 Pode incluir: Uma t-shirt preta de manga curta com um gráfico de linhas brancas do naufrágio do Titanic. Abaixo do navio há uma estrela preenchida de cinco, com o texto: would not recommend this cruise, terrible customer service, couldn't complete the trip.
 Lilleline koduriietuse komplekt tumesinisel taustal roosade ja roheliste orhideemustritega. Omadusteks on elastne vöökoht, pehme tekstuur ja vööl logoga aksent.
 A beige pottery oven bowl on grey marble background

*-*-*

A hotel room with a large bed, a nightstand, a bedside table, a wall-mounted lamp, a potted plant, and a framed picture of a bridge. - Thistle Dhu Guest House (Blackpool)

*-*-*

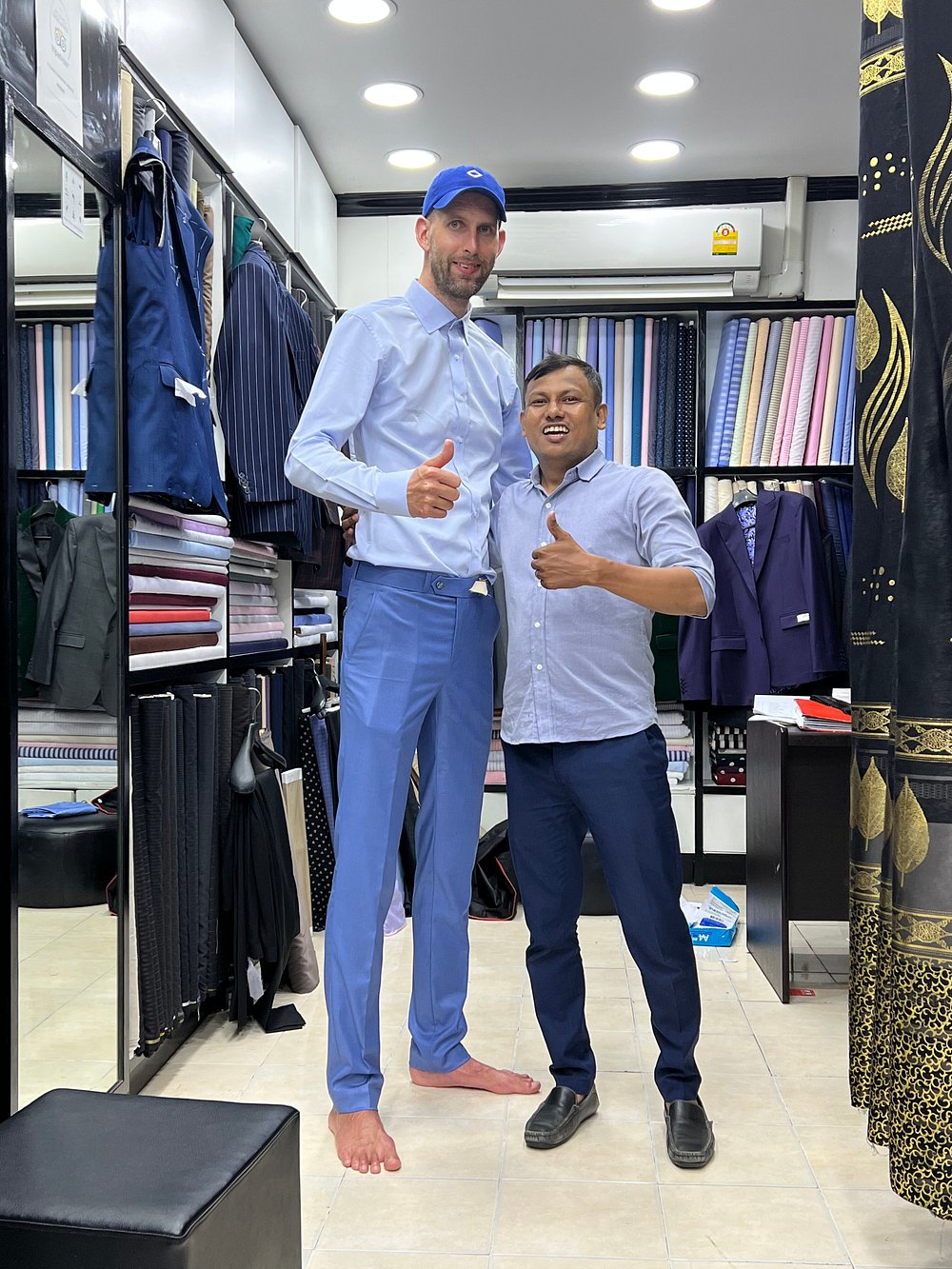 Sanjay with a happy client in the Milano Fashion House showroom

*-*-*

■ **Task objective**
Transcribe the lines above between the line holding "Lilleline koduriietuse komplekt" and the line holding "A beige pottery", inclusive, exactly as they stand and with nothing added.

■ **Solution to this exercise**
 Lilleline koduriietuse komplekt tumesinisel taustal roosade ja roheliste orhideemustritega. Omadusteks on elastne vöökoht, pehme tekstuur ja vööl logoga aksent.
 A beige pottery oven bowl on grey marble background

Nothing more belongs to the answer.